#### [WHAT YOU WILL DO]
Transcribe all of the records, leaving out any pictures.
### DATASET EXTRACT
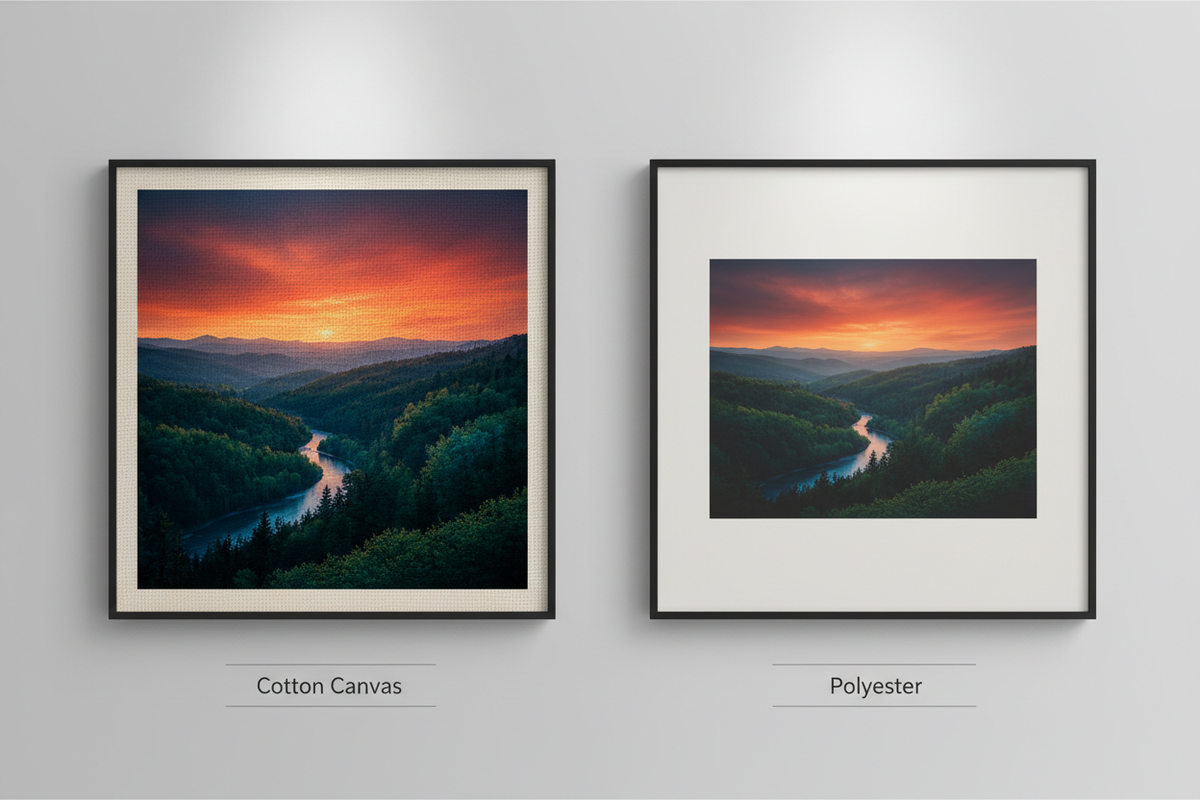 Why Cotton Canvas Prints Outperform Polyester: The Ultimate Guide to Color Accuracy and Depth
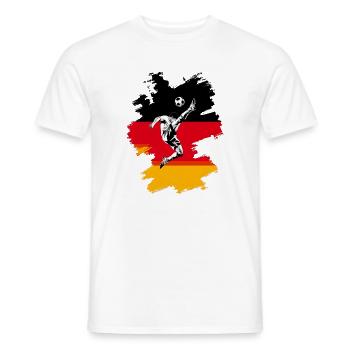 Dynamische Fußball-Action auf deutscher Flagge - Männer T-Shirt - Weiß - Vorne - AI Model Male 178 dark (178cm)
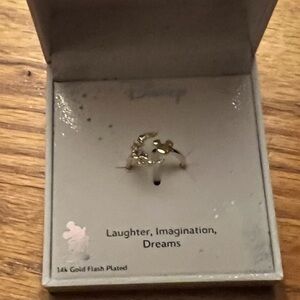 Disney Gold Plated Mickey Mouse Crescent Ring Size 9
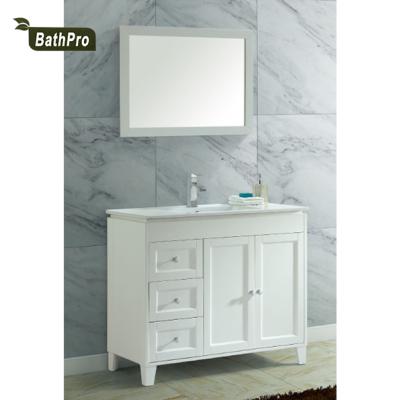 China 40 Inch Modern Solid Wood Sink Lowes Sink White Ceramic Single Bathroom Vanity for sale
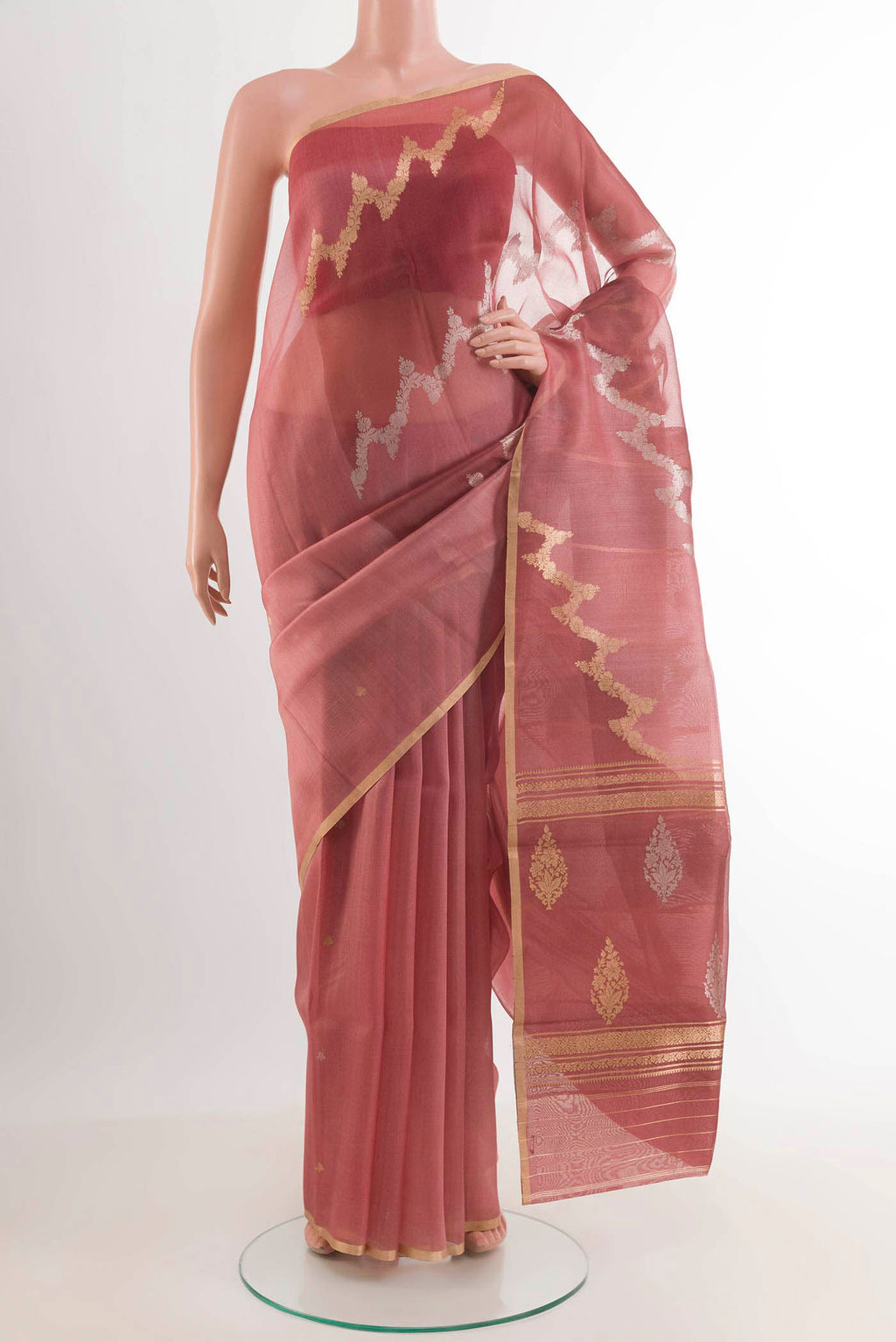 Imperial Pink Banarasi Kora Silk Saree with Zari Brocade on the body and Zari Border.  displayed on a mannequin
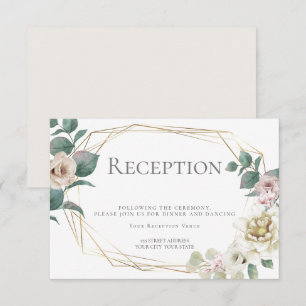 Wedding Reception   Watercolor Floral Blush Ivory Invitation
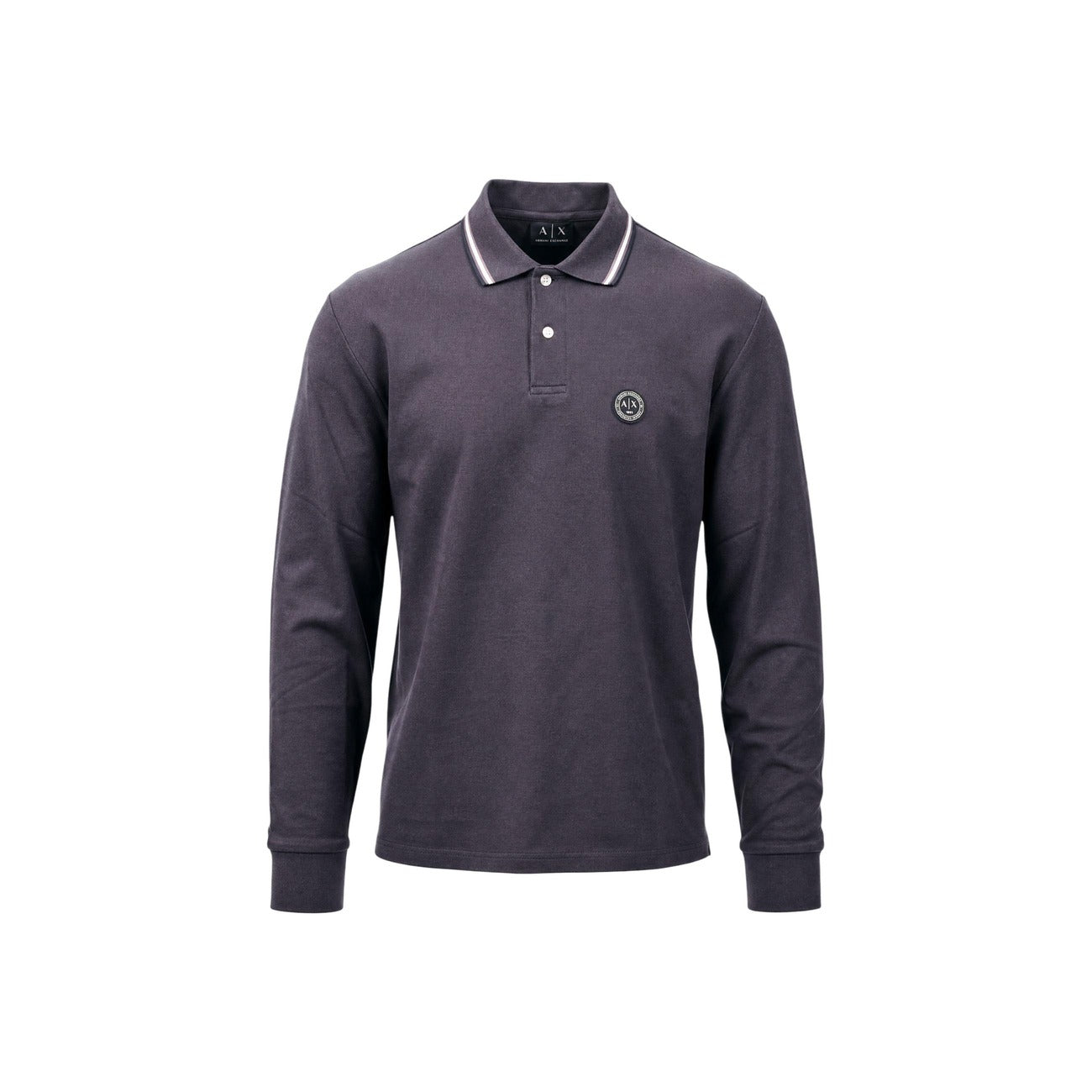 Men's Black Long-Sleeved Polo Shirt Armani Exchange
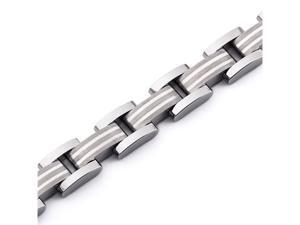 Art Deco Sterling Silver Inlay Titanium Mens Bracelet Art Deco Sterling Silver Inlay Titanium Mens Bracelet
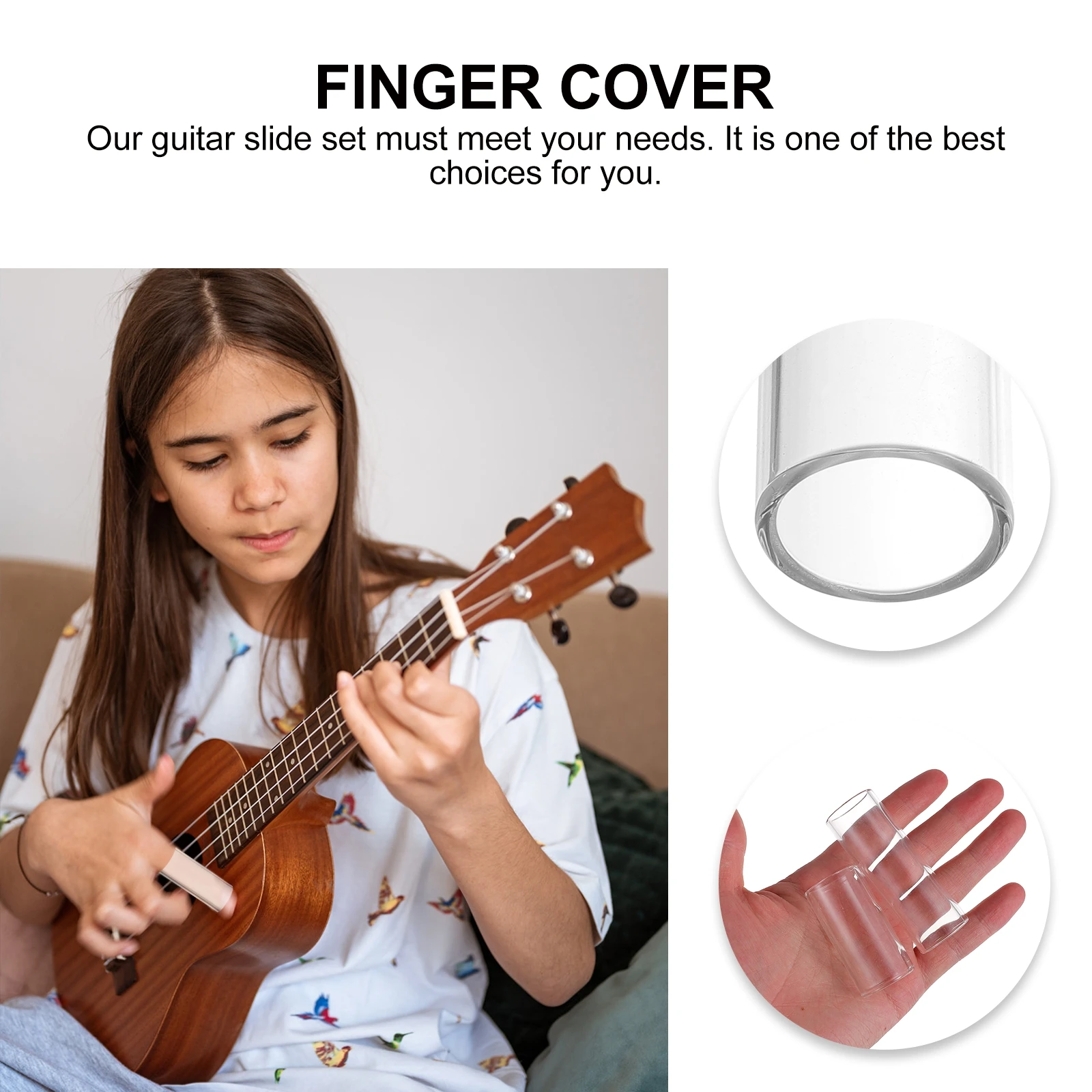 

Guitar Slide Finger Cots Acoustic Slider for Ring Sleeves Parts and Accessories Small Glass Slides Major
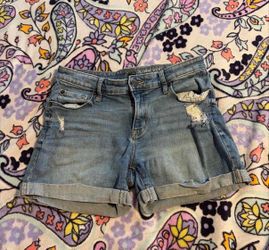 Girlfriend Short Light Wash Distressed Denim Shorts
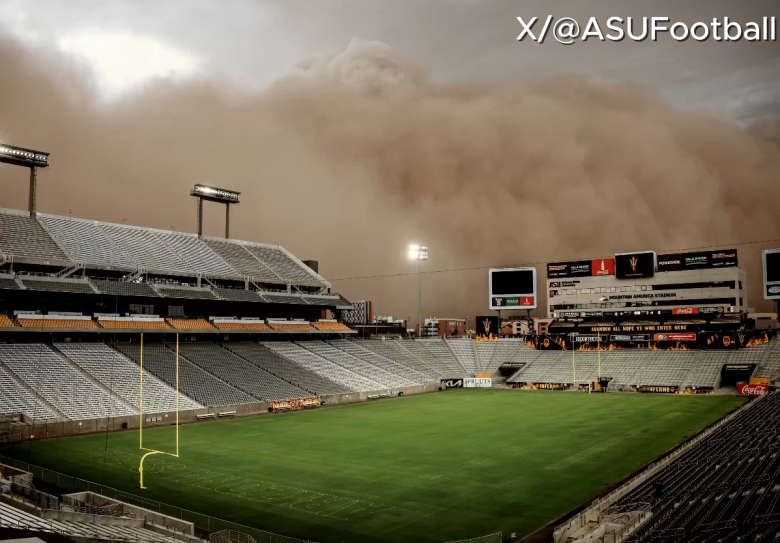 Tempestade de areia avan�a sobre o Est�dio Mountain America na tarde do dia 25. Cr�dito: divulga��o via X @MyRadarWX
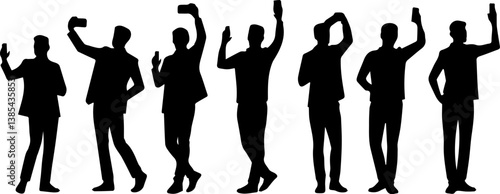 set collection of silhouettes of men taking selfies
######
#### [ANSWER SPACE]
 Why Cotton Canvas Prints Outperform Polyester: The Ultimate Guide to Color Accuracy and Depth
 Dynamische Fußball-Action auf deutscher Flagge - Männer T-Shirt - Weiß - Vorne - AI Model Male 178 dark (178cm)
 Disney Gold Plated Mickey Mouse Crescent Ring Size 9
 China 40 Inch Modern Solid Wood Sink Lowes Sink White Ceramic Single Bathroom Vanity for sale
 Imperial Pink Banarasi Kora Silk Saree with Zari Brocade on the body and Zari Border.  displayed on a mannequin
 Wedding Reception   Watercolor Floral Blush Ivory Invitation
 Men's Black Long-Sleeved Polo Shirt Armani Exchange
 Art Deco Sterling Silver Inlay Titanium Mens Bracelet Art Deco Sterling Silver Inlay Titanium Mens Bracelet

Guitar Slide Finger Cots Acoustic Slider for Ring Sleeves Parts and Accessories Small Glass Slides Major
 Girlfriend Short Light Wash Distressed Denim Shorts
 Tempestade de areia avan�a sobre o Est�dio Mountain America na tarde do dia 25. Cr�dito: divulga��o via X @MyRadarWX
 set collection of silhouettes of men taking selfies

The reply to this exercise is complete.